Computer World NZ posted this article after attending my workshop given in Wellington, New Zealand. They just about got it right, only two minor errors. First, as I was introducing Will Richardson who greeted the Kiwi educators through Skype, I shared a story he tells about Wikipedia (crediting him)– in this report they left that part out. It is still makes a great point the way they tell it though. And secondly, Darren Kuropatwa (In Canada) was the math teacher, not a US math teacher. Let me know what you think of the article.
Complete Article Available here
3G phones put NZ ahead in education tech
Web
2.0, advanced technology for handheld digital communication and a
willingness to innovate in education places New Zealand at the forefront.
By Stephen Bell Wellington | Thursday, 29 March, 2007
New Zealand cellphone
calls may be expensive, but we are further into the third generation of
cellphone technology than many Western countries, including the US,
says Sheryl Nussbaum-Beach, an educational technology specialist from
Virginia.Nussbaum-Beach was keynote speaker for the Tuanz education conference last week.
She says the confluence of Web 2.0,
advanced technology for handheld digital communication and a
willingness to innovate in education places New Zealand at the point of
a “perfect storm” for new uses of digital technology in education.
The internet, and particularly Web 2.0
tools such as wikis, blogs and social networks, has given this
generation of young people a new outlook on information and learning,
Nussbaum-Beach says.
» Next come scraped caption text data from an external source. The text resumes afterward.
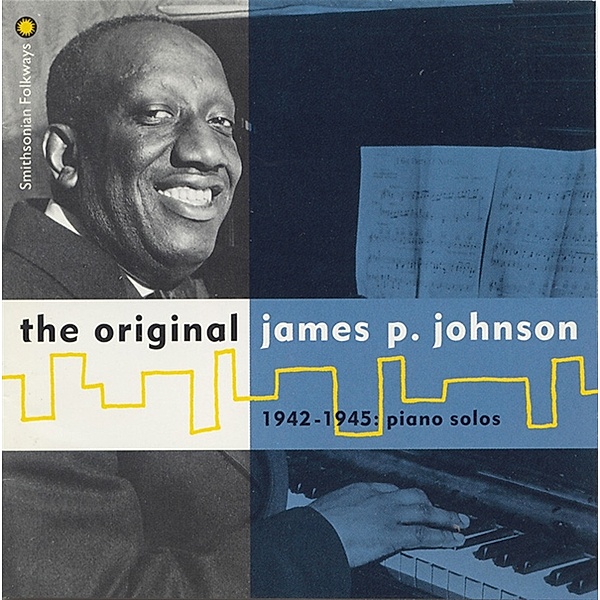 The Original James P. Johnson: 1942-1945, Piano Solos, James P. Johnson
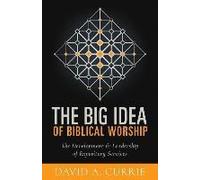 The Big Idea Of Biblical Worship: The Development And Leadership Of Expository Services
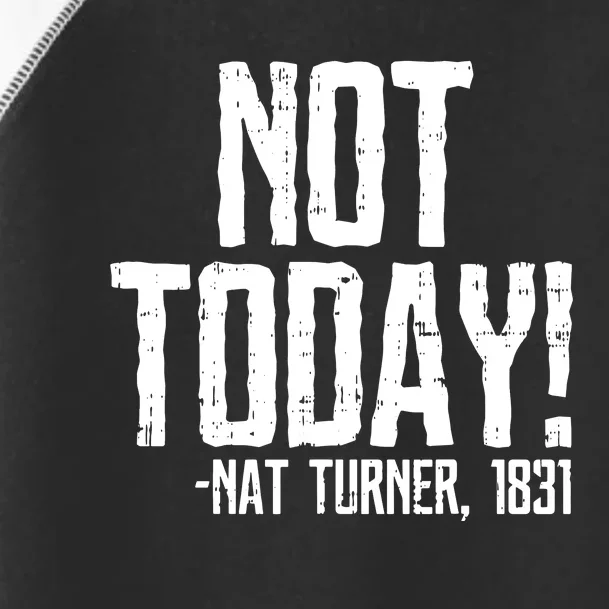 Not Today Black History Month Protest Turner Quote Toddler Fine Jersey T-Shirt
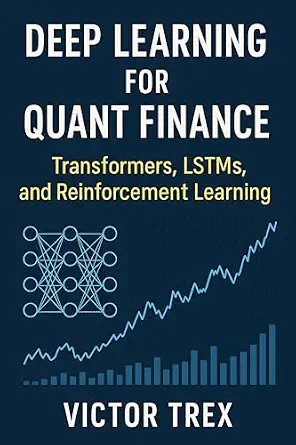دانلود نسخه کامل کتاب Deep Learning for Quant Finance: Transformers, LSTMs, and Reinforcement Learning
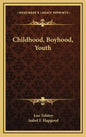 Childhood, Boyhood, Youth - Hardcover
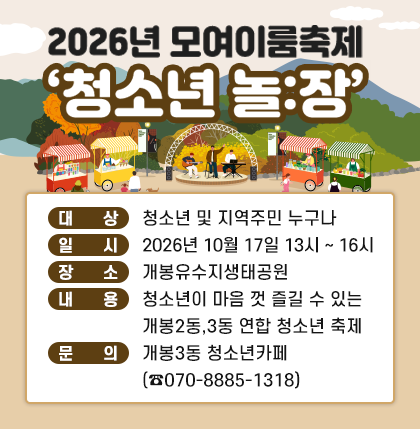 2026년 모여이룸축제 ‘청소년 놀:장’ 
 ○ 대상 : 청소년 및 지역주민 누구나
 ○ 일시 : 2026년 10월 17일 13시 ~ 16시
 ○ 장소 : 개봉유수지생태공원
 ○ 내용 : 청소년이 마음 껏 즐길 수 있는 개봉2동,3동 연합 청소년 축제
 ○ 문의 : 개봉3동 청소년카페 (☎070-8885-1318)
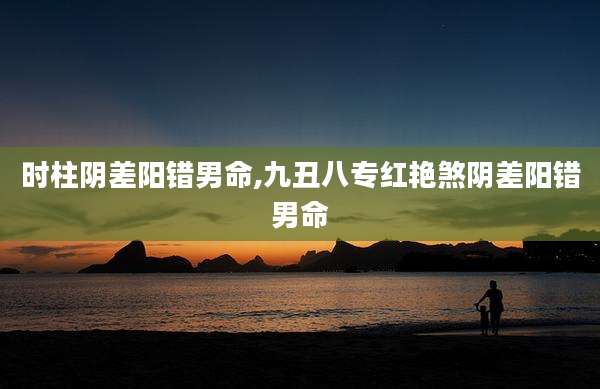时柱阴差阳错男命,九丑八专红艳煞阴差阳错男命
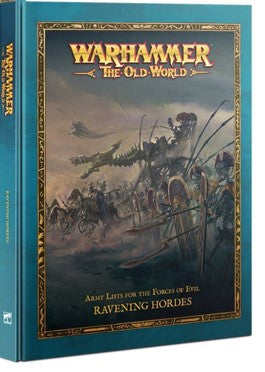 Warhammer The Old World: Ravening Hordes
It will no longer be possible to teach them in
traditional ways that rely on the teacher as the font of all knowledge
and memorising as one of the chief elements of learning.
There is little point in committing a
huge number of facts to memory when they are immediately available,
with latest updates, in response to a simple web query.
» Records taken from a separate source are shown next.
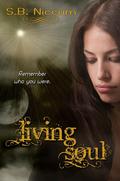 Living Soul (Veiled #2) by S.B. Niccum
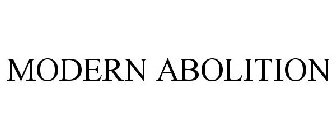 MODERN ABOLITION
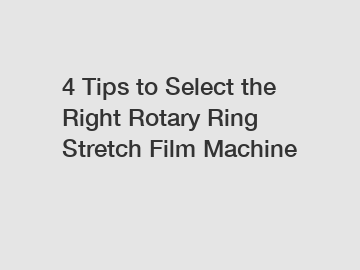 4 Tips to Select the Right Rotary Ring Stretch Film Machine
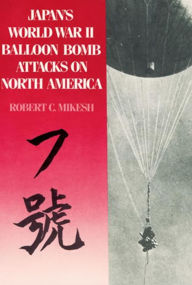 Title: Japan's World War II Balloon Bomb Attacks on North America, Author: Robert C. Mikesh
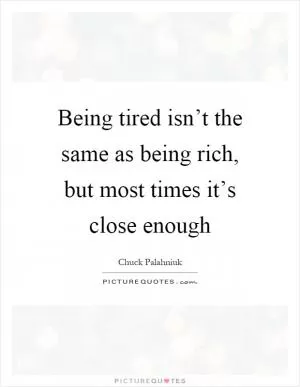 Being tired isn’t the same as being rich, but most times it’s close enough Picture Quote #1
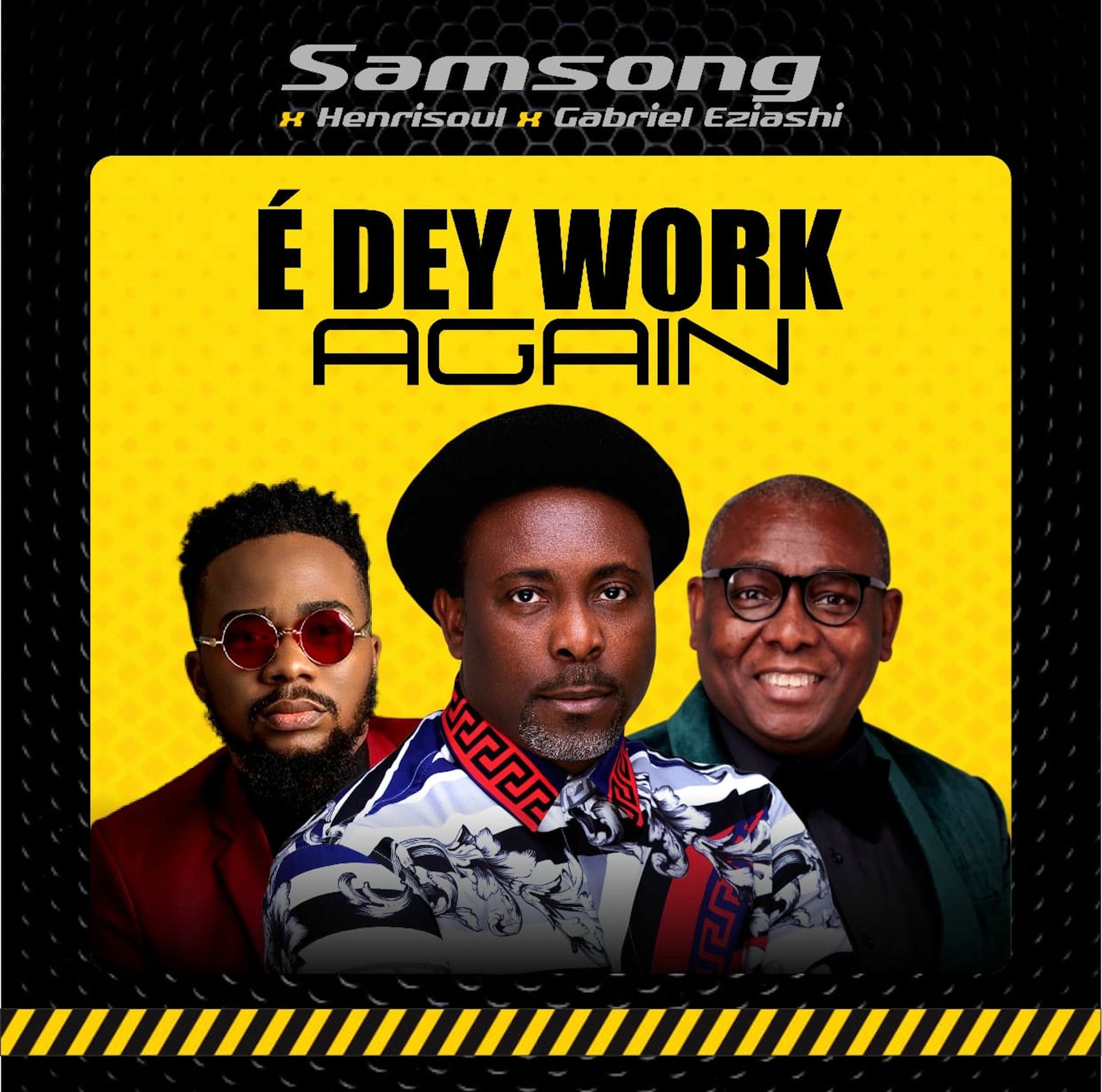 Samsong – é Dey Work Again ft. Henrisoul & Gabriel Eziashi featured image Samsong – é Dey Work Again ft. Henrisoul & Gabriel Eziashi – Samsong feat Henrisoul Gabriel Eziashi Dey Work Again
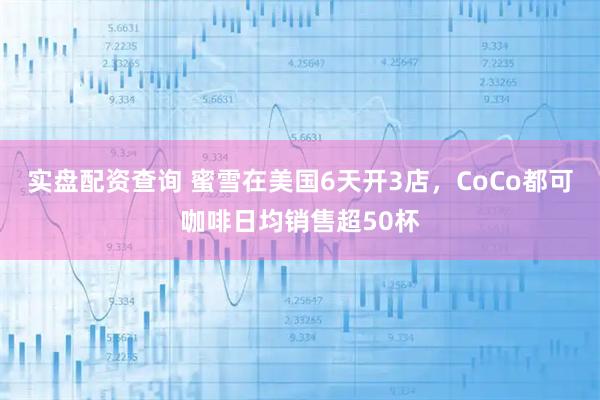 实盘配资查询 蜜雪在美国6天开3店，CoCo都可咖啡日均销售超50杯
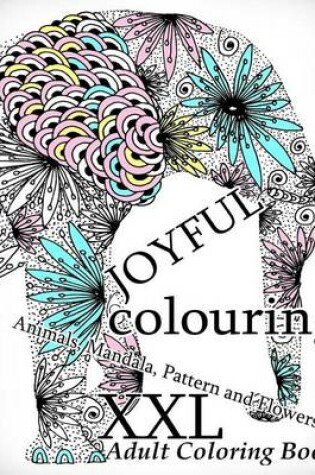 Cover of Joyful Colouring 2: Adult Coloring Book XXL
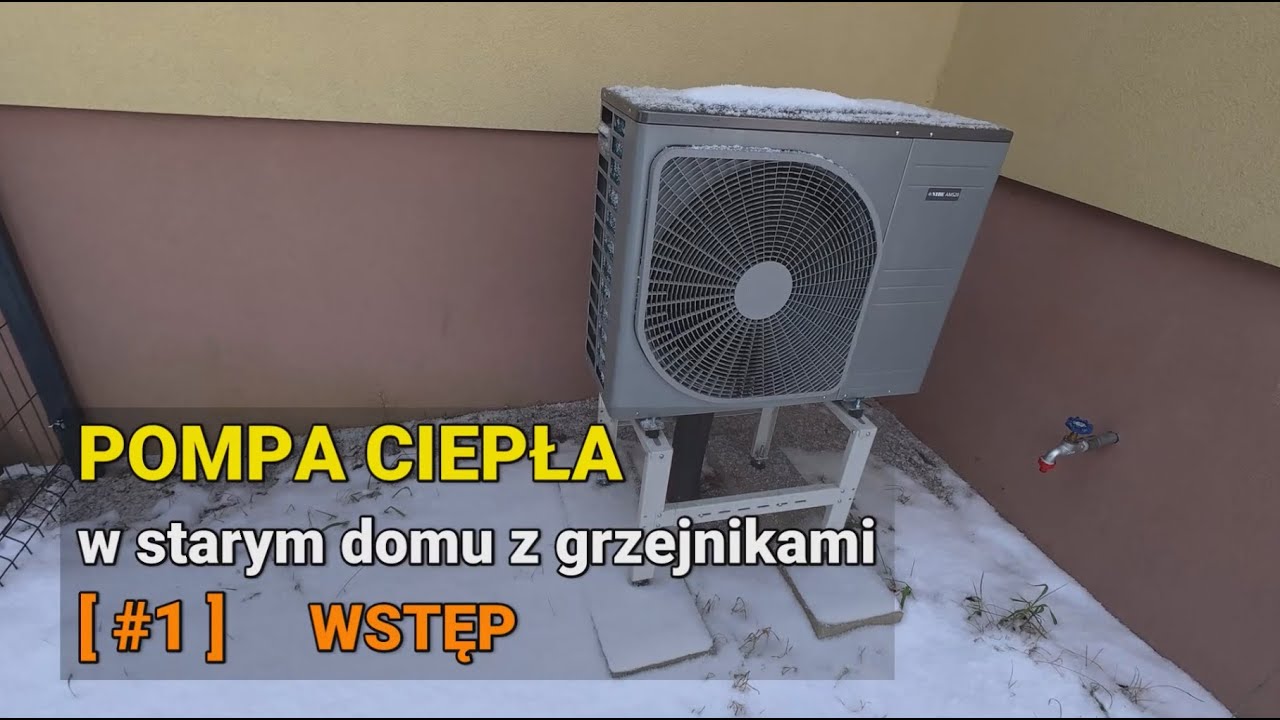 Pompa ciepła w starym domu z grzejnikami #1: Wstęp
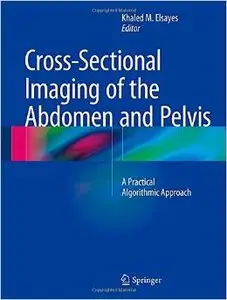 Cross-Sectional Imaging of the Abdomen and Pelvis: A Practical Algorithmic Approach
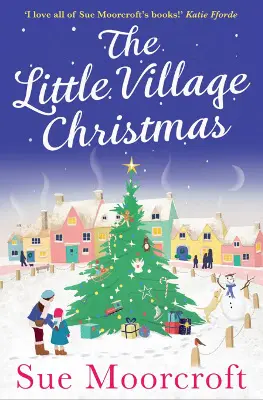 Advertisement image: The Little Village Christmas by Sue Moorcroft
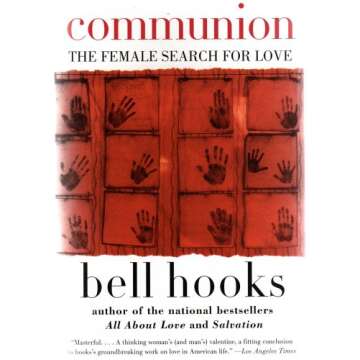 COMMUNION (THE FEMALE SEARCH FOR LOVE) " Uplifting...is a superbly crafted, no-holds-barred analysis...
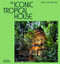 The Iconic Tropical House by Patrick Bingham-Hall, 9780500027011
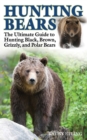 Image for Hunting Bears : The Ultimate Guide to Hunting Black, Brown, Grizzly, and Polar Bears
Emphasis will, rather, be on the
creativity of the student; what they can achieve by combining and
interpreting information from different sources — including their
fellow students and other people accessible online.
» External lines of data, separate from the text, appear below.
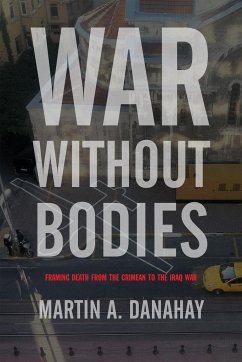 War Without Bodies - Danahay, Martin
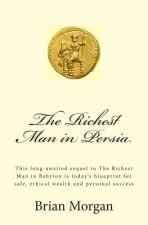 The Richest Man in Persia: This Long-Awaited Sequel to the Richest Man in Babylon Is Today's Blueprint for Safe, Ethical Wealth and Personal Succ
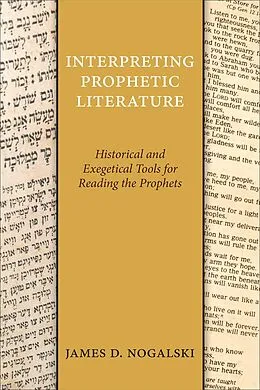 ePUB Interpreting Prophetic Literature von James D. Nogalski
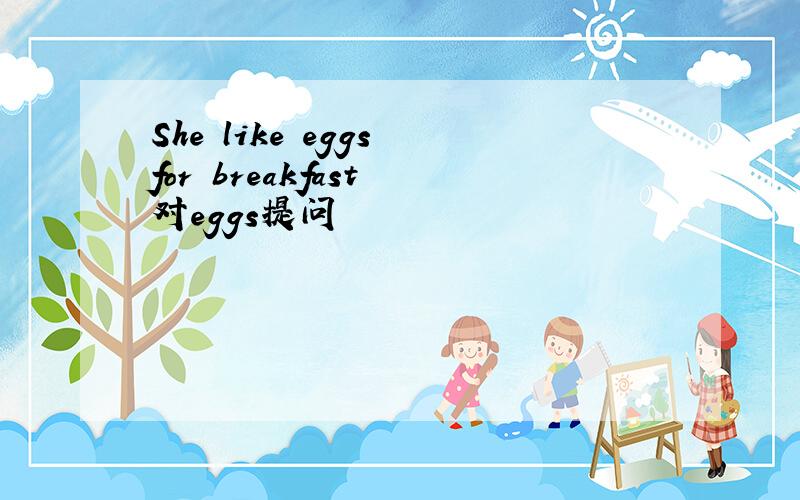 She like eggs for breakfast 对eggs提问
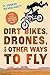 Dirt Bikes, Drones, and Other Ways to Fly by Conrad Wesselhoeft (2015-09-15)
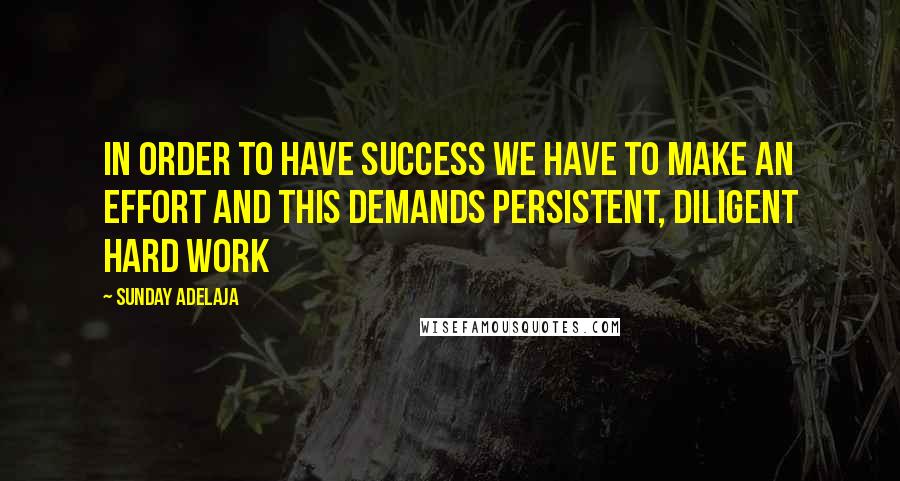 Sunday Adelaja Quotes: In order to have success we have to make an effort and this demands persistent, diligent hard work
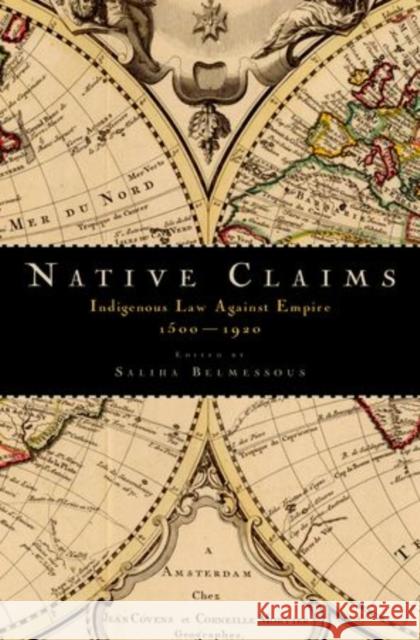 Native Claims: Indigenous Law Against Empire, 1500-1920 Belmessous, Saliha 9780199386116 Oxford University Press, USA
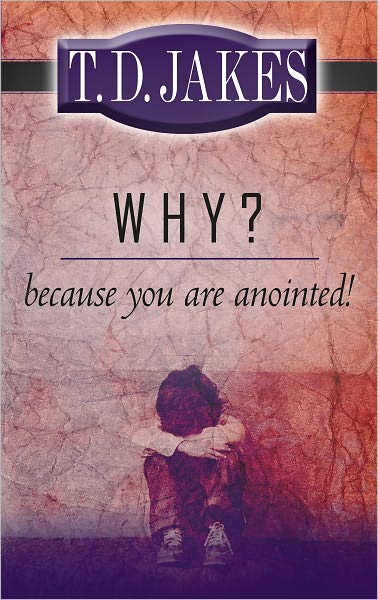 Why? because You're Anointed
She cites the case of a student who
uploaded his draft research paper to Wikipedia as an article, watched
while knowledgeable people corrected his mistakes and added further
information and pertinent references; then downloaded the result as the
final version. A conventional teacher would have said “do your own
work”, she says, but it’s hard to draw a firm ethical line between this
kind of interaction and the normal process of consulting authoritative
sources.
Web 2.0 will bring to the fore both an
increasing range of instruments, such as 3G cellphones, for using the
internet and a variety of software agents, tailored by the user to scan
the internet continuously for the latest information on a particular
subject. Agents will also take the form of “avatars”, representing the
users themselves, and relating to other avatars in virtual worlds such
as Second Life.
Skype is “an amazing tool for the
classroom” Nussbaum-Beach says, allowing a class to bring in an author
or expert to discuss their book or field of study with a class. She
demonstrated this at the conference, calling a mathematics teacher in
the US, who demonstrated how he interacted on problems in trigonometric
functions with his students, giving them the grounding for a study of
calculus.
The idea of a teacher being put out of
work by a computer may be passé, but teachers who fail to embrace the
opportunities offered by digital technology are likely be put out of
work by teachers who do, Nussbaum-Beach says.









Computer World New Zealand Article
TUANZ
I wanted to add as a sidenote– I scored major cool points with my son on being quoted in Computer World. He is 20 and said he knows none of his friend’s moms have ever been quoted in Computer World. And told me it was very cool.
I am so pleased. Cool points with a 20 year old geek is major.